Возможен конечно менее апокалиптический взгляд на вещи. Но ведь для такого взгляда и наводнения словно не бывало. О поведении здравого обывателя у Пушкина:
В порядок прежний всё вошло.
Уже по улицам свободным
С своим бесчувствием холодным
Ходил народ. Чиновный люд…
На службу шел…
Граф Хвостов,
Поэт, любимый небесами,
Уж пел бессмертными стихами
Несчастье невских берегов.
Царь, народ и их вечный поэт снова на плаву на следующий же день после наводнения. Так Ленинград заселялся после выселения конца двадцатых, после убийства Кирова, после «блокады». Жизнь продолжается. Для всех живых, кроме одного. С графом Хвостовым
бедный, бедный мой Евгений…
соседствует, с многоточием печали, как с обеспеченной небесами поэзией Хвостова — пушкинская необеспеченная. Ей надо было обеспечивать саму себя, подниматься из ничего звонкой и сильной, иначе она рухнула бы даже не туда, куда поэзия Хвостова, в историю литературы, а еще ниже, просто в никуда. Хвостов обеспечен литературным процессом, а Пушкин сам сначала должен придать смысл литературному процессу, потому что состоя только из поэзии Хвостова весь этот процесс имел бы не больше смысла чем хождение холодного народа по свободным улицам. Пушкин способен это сделать как раз из-за своего особого положения непринадлежности ни к какому процессу. «Поэты некомплектные жители света».

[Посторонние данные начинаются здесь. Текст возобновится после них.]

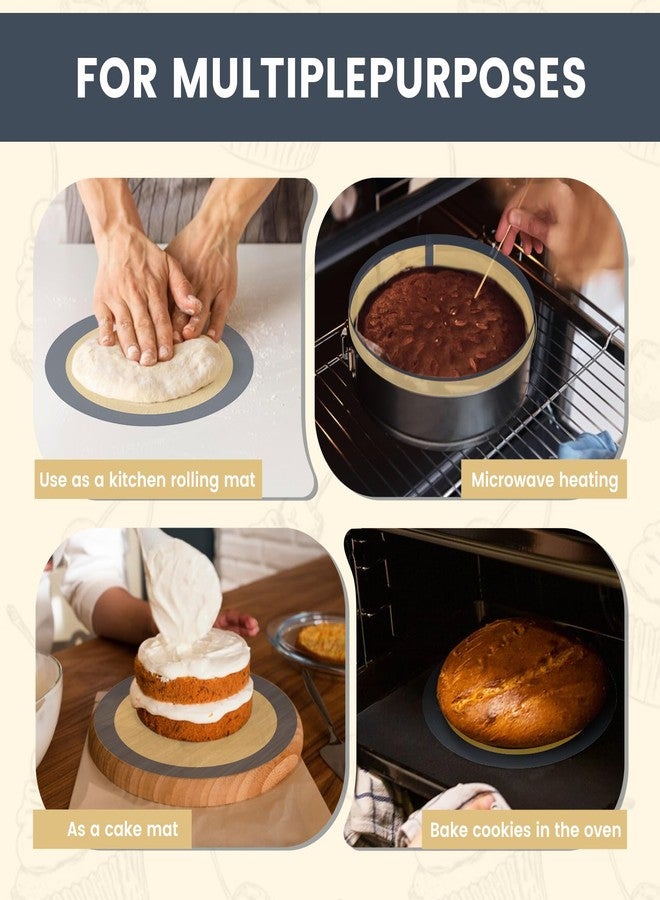 Tinsky 3 Set Silicone Baking Mat for 4, 7, 9 Inch Springform Pan Protector Prevent Cake from Sticking to Bottom and Side Easy Clean Nonstick Silicone Liners for Baking Cheesecake Pan - Image 5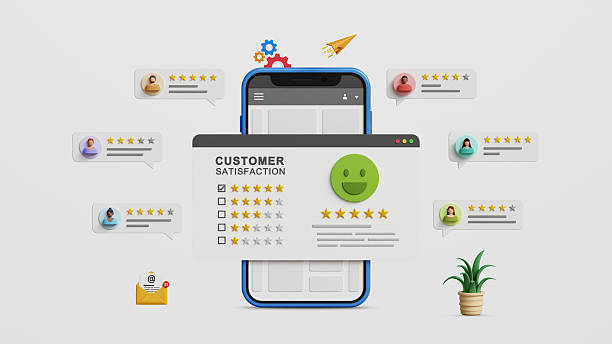 istock User rating, customer satisfaction online concept. Five star reviews, positive feedback, excellent user experience. Customer satisfaction rating interface on 3D mobile 2229052413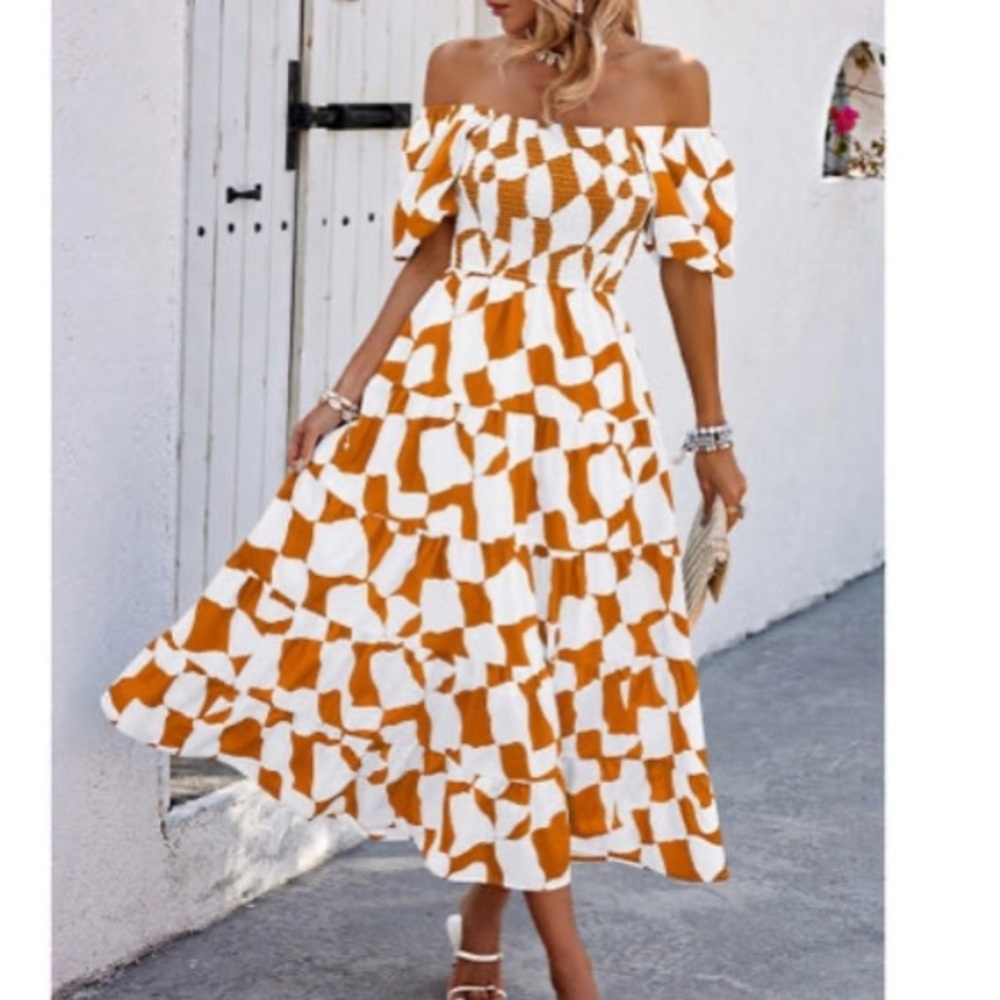 Off-Shoulder Orange and White Dress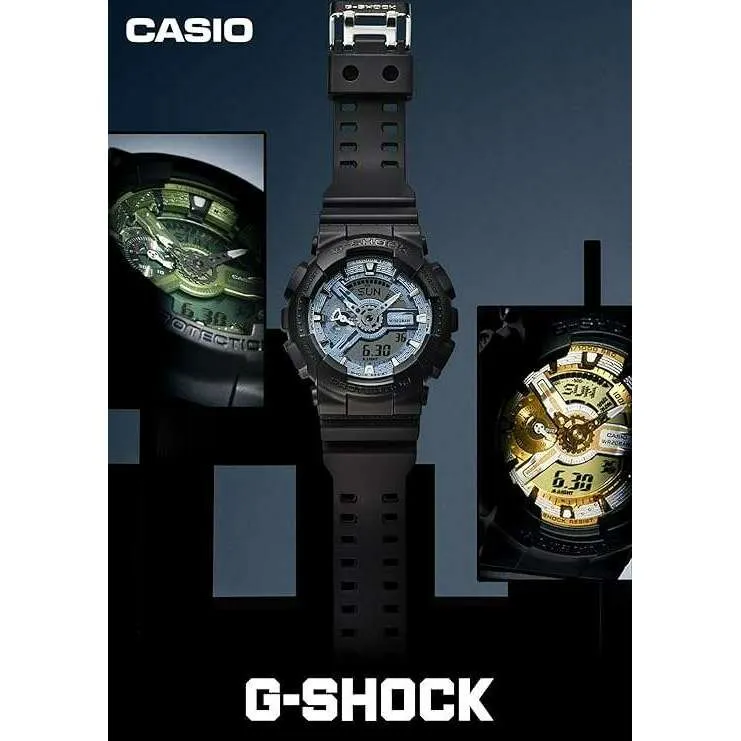 CASIO G-SHOCK METALLIC COLOR DIAL SERIES BLACK, SILVER & GOLD MEN WATCH GA-110CD-1A9JF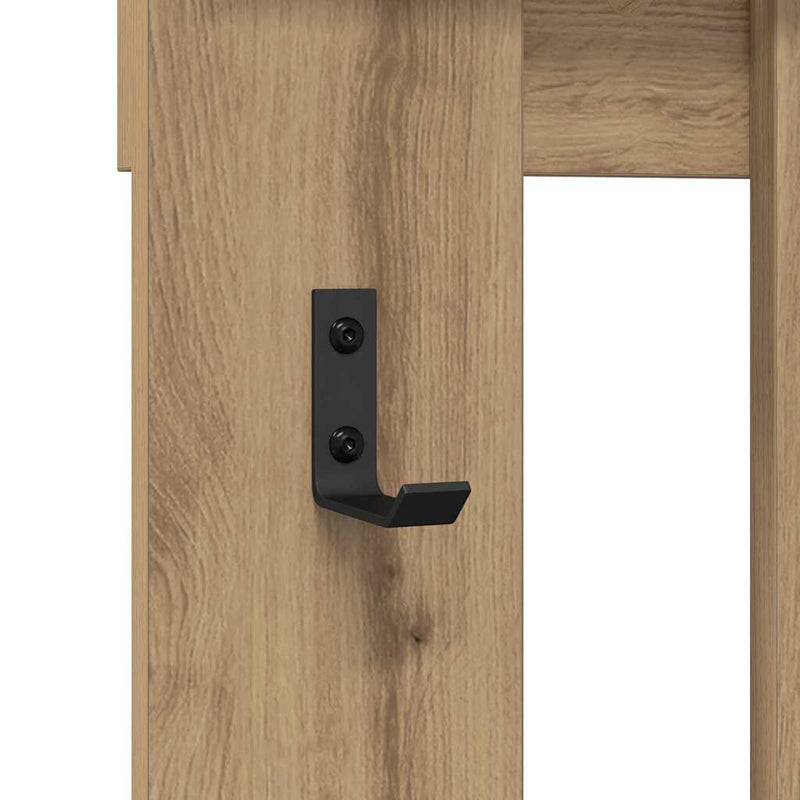 vidaXL Fali Kabáthorog Kézműves tölgy 100 x 10 x 100 cm Faanyag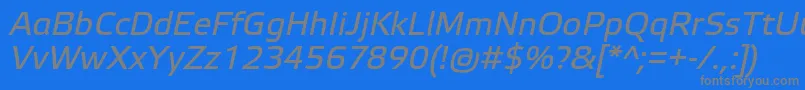 フォントElektraTextProItalic – 青い背景に灰色の文字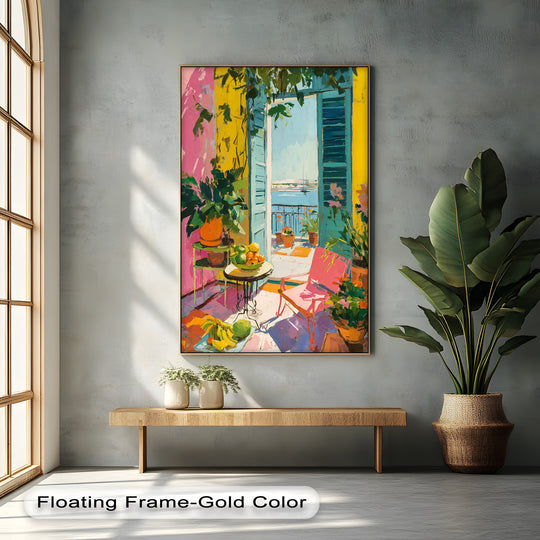 Canvas wall art with a vibrant transition from sun-drenched balcony colors to a clear azure ocean view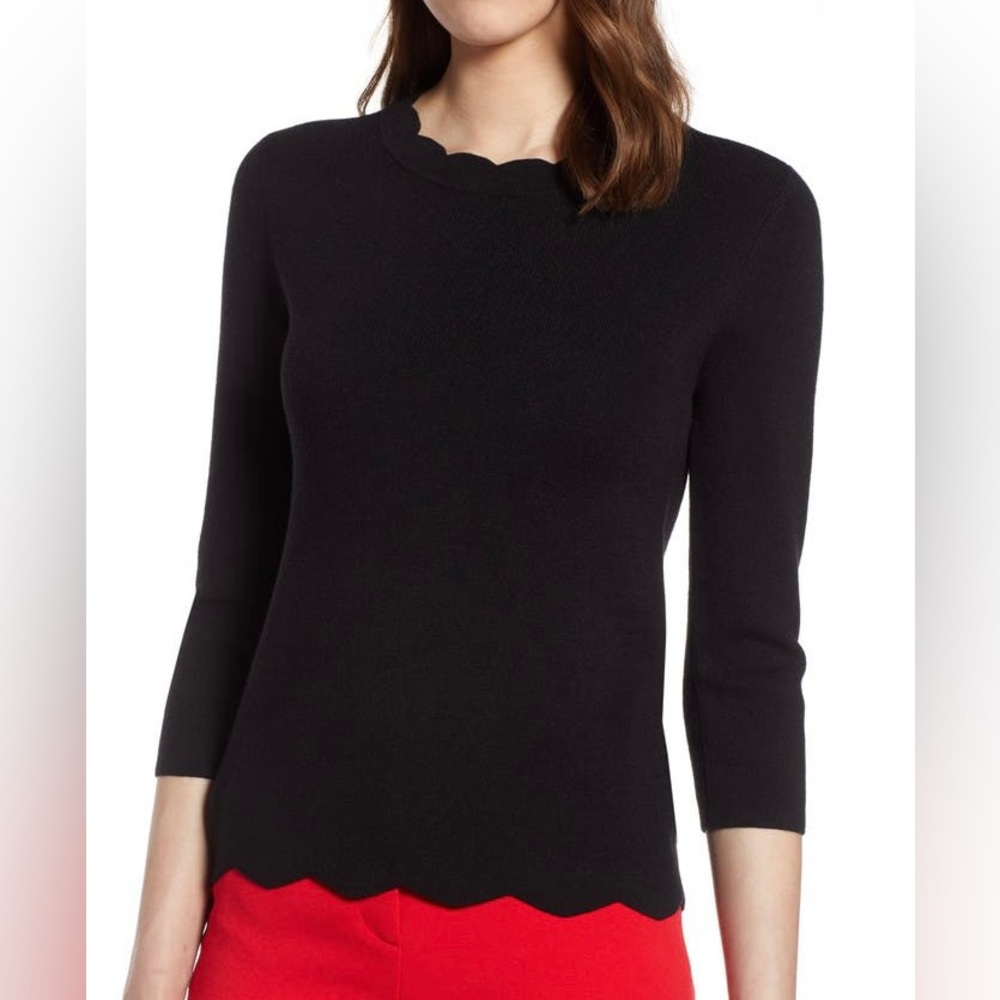 Halogen Sweater - Black, Scalloped, Large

Тогда в странном государе Пушкин увидел своего? Да, но растерянного, глядящегося как в зеркало в монстров и двоящегося на мудрого законодателя и на дикого барина, вздорного тирана. Его создание тоже должно было колебаться, блестящий город, вознесшийся над стихией и подточенный ею. Она то ли покорена то ли вовсе нет.
Пушкин в отличие от царя не имел только права на ошибку, при том что природой ему в отличие от Петра было гораздо меньше что суждено, во всяком случае не поэма о медном всаднике. Петру было достаточно размаха и открытости, чтобы впустить в бытие город, давно просивший существовать из-за всегдашней двуглавости России и уже затянувшегося упадка старой северной головы, Твери, Новгорода или Пскова. Архангельск безуспешно пытался играть эту роль. Указы Петра большей частью не выполнялись и было естественно, чтобы с постройкой города получилось как с воронежскими верфями и каналом Волга – Дон. Но для возрождения второй головы России достаточно было впускающей пустоты в месте власти и ее недовольства Москвой. У Петра было это и больше, постоянное тяготение к воде. Он имел свои представления о Петербурге, хотел сделать его Амстердамом, Венецией, приходил в отчаяние и решал, что всё погибло, когда каналы прорывали узкие, а он хотел судоходные. Вторая голова России отрастала хоть по его приказу, но всё-таки сама собой. Возможно поэтому на Петербурге, который тайно рос сам, нет тягостного следа личности основателя. Как, впрочем, и на поэме Пушкина. И город и поэма имели другое основание и другую тягу, чем просто намерение их создателей.